Dave Hansen Dec. 28, 2021, 4:14 p.m. UTC | #3

On 12/28/21 2:26 AM, Kefeng Wang wrote:
>>> There are some disadvantages about this feature[2], one of the main
>>> concerns is the possible memory fragmentation/waste in some scenarios,
>>> also archs must ensure that any arch specific vmalloc allocations that
>>> require PAGE_SIZE mappings(eg, module alloc with STRICT_MODULE_RWX)
>>> use the VM_NO_HUGE_VMAP flag to inhibit larger mappings.
>> That just says that x86 *needs* PAGE_SIZE allocations.  But, what
>> happens if VM_NO_HUGE_VMAP is not passed (like it was in v1)?  Will the
>> subsequent permission changes just fragment the 2M mapping?
> 
> Yes, without VM_NO_HUGE_VMAP, it could fragment the 2M mapping.
> 
> When module alloc with STRICT_MODULE_RWX on x86, it calls
> __change_page_attr()
> 
> from set_memory_ro/rw/nx which will split large page, so there is no
> need to make
> 
> module alloc with HUGE_VMALLOC.

This all sounds very fragile to me.  Every time a new architecture would
get added for huge vmalloc() support, the developer needs to know to go
find that architecture's module_alloc() and add this flag.  They next
guy is going to forget, just like you did.

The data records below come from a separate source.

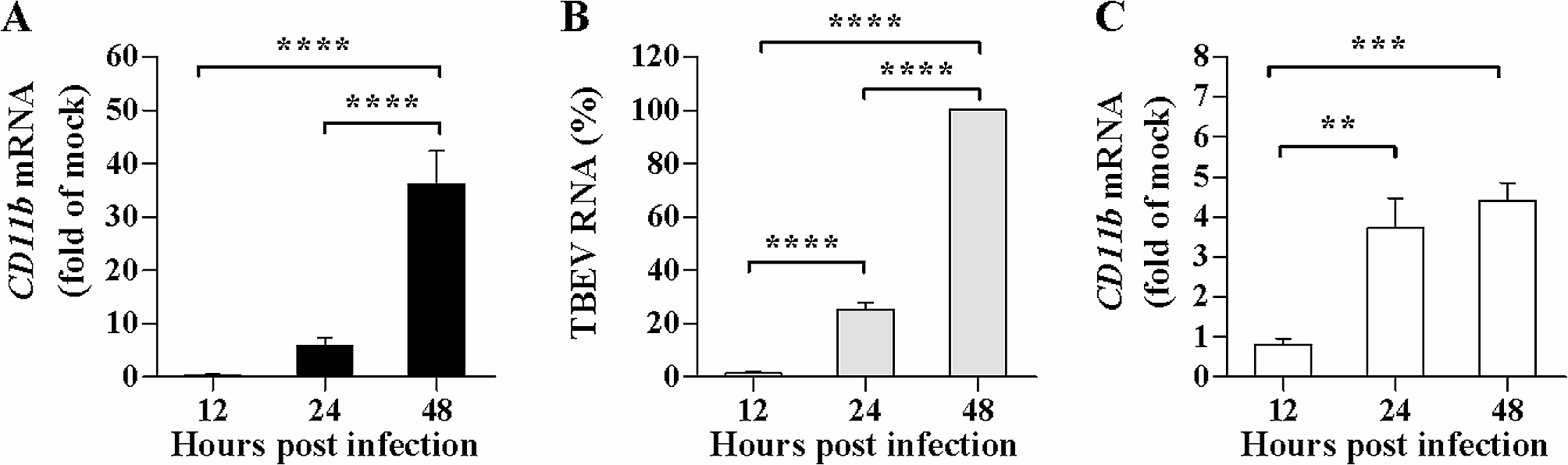 CD11b maintains West Nile virus replication through modulation of immune response in human neuroblastoma cells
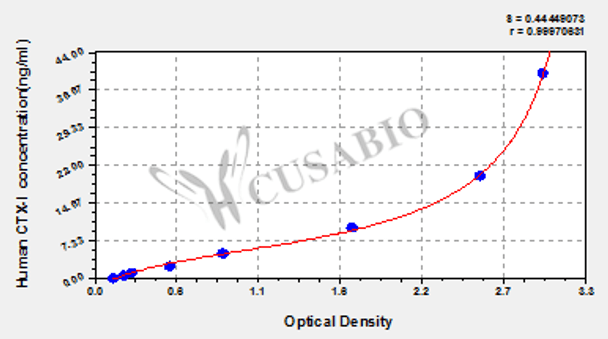 Human Cross-linked Carboxy-terminal Telopeptide of Type Ⅰ Collagen (CTX-I) ELISA Kit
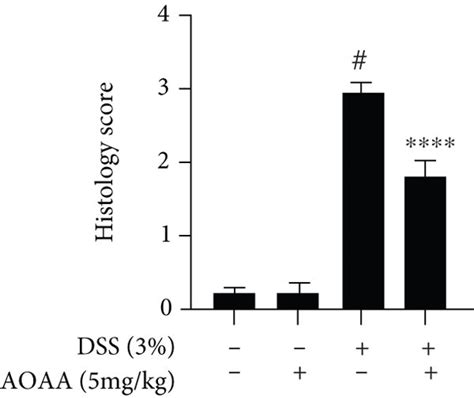 AOAA Alleviated DSS Induced Colitis In Mice And Restored MRNA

Considering that this is not a hot path, a weak function would be a nice
choice:

/* vmalloc() flags used for all module allocations. */
unsigned long __weak arch_module_vm_flags()
{
	/*
	 * Modules use a single, large vmalloc().  Different
	 * permissions are applied later and will fragment
	 * huge mappings.  Avoid using huge pages for modules.
	 */
	return VM_NO_HUGE_VMAP;
}

Stick that in some the common module code, next to:

> void * __weak module_alloc(unsigned long size)
> {
>         return __vmalloc_node_range(size, 1, VMALLOC_START, VMALLOC_END,
...

Then, put arch_module_vm_flags() in *all* of the module_alloc()
implementations, including the generic one.  That way (even with a new
architecture) whoever copies-and-pastes their module_alloc()
implementation is likely to get it right.  The next guy who just does a
"select HAVE_ARCH_HUGE_VMALLOC" will hopefully just work.

VM_FLUSH_RESET_PERMS could probably be dealt with in the same way.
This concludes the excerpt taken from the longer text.